Why does income level and ethnicity seem to make such a difference? It's not entirely clear. But according to the National Institute of Child Health and Development, studies have found that it might come down to awareness and education. Compared to other ethnic groups, for example, African-American parents were found less likely to have been informed by a health care worker to place their babies to sleep on their backs, and according to NPR. And, while about one-quarter of all parents in the United States reported that they don't put their babies on their backs to sleep, the percentage of African-American parents who don't is closer to 50 percent. When you then take into account that, according to a 2015 Pew Research study, black children were more likely to live in poverty in America than any other racial group, it seems that race and income level are absolutely linked when it comes to discussions about infant mortality.
That still doesn't mean though, that any parent who falls into this category of higher risk should be judged, or that they should feel as though they've been unfairly targeted. After all, what the data seems to actually be showing is that greater support of those in these higher risk categories may be the key to bringing down the number of SIDS cases, especially if lack of information is a big reason behind the statistics.
One way to get the message through? According to Pat Tackitt, a pediatric mortality investigator in Wayne County, Michigan, a good place to start is by getting very specific about the most common causes of unexplained infant death in the United States. Though Tackitt told NPR that it's not uncommon for an infant death to be assumed to be SIDS, her own experience has shown her that "in almost all of the cases" she has investigated, babies were in unsafe sleep environments that suggested the cause was really accidental suffocation. Although it's difficult to know for sure, the fact that safe sleep seems to be such an important factor in reducing SIDS, coupled with the fact that many parents report that they don't actually follow the recommended infant sleep guidelines, suggests that outreach to high-risk communities could be valuable.
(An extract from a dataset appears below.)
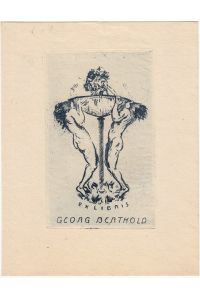 Ex Libris Georg Berthold. Springbrunnen mit Maske, von Aktpaar flankiert.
But there are other initiatives too: according to BBC News, Finland — now a country with low infant mortality — once had a higher rate of infant mortality than its neighboring countries. As a result, the government began targeting low-income mothers for outreach and assistance, in part with the introduction of it's now-well-known "baby box" program (which eventually became available to all Finnish mothers), but also by providing government-funded prenatal care, and later, a universal health insurance program.
In other words, by providing mothers with the care and support they require during their pregnancies and the postpartum period, it seems as though they would inevitably be in a better position to ensure that their infants have the best possible start — regardless of ethnicity or income level. On the other hand, making a mother feel bad or guilty about her ability to care for her child, or by making it even harder for her to access medical care or social support, will almost certainly make things worse.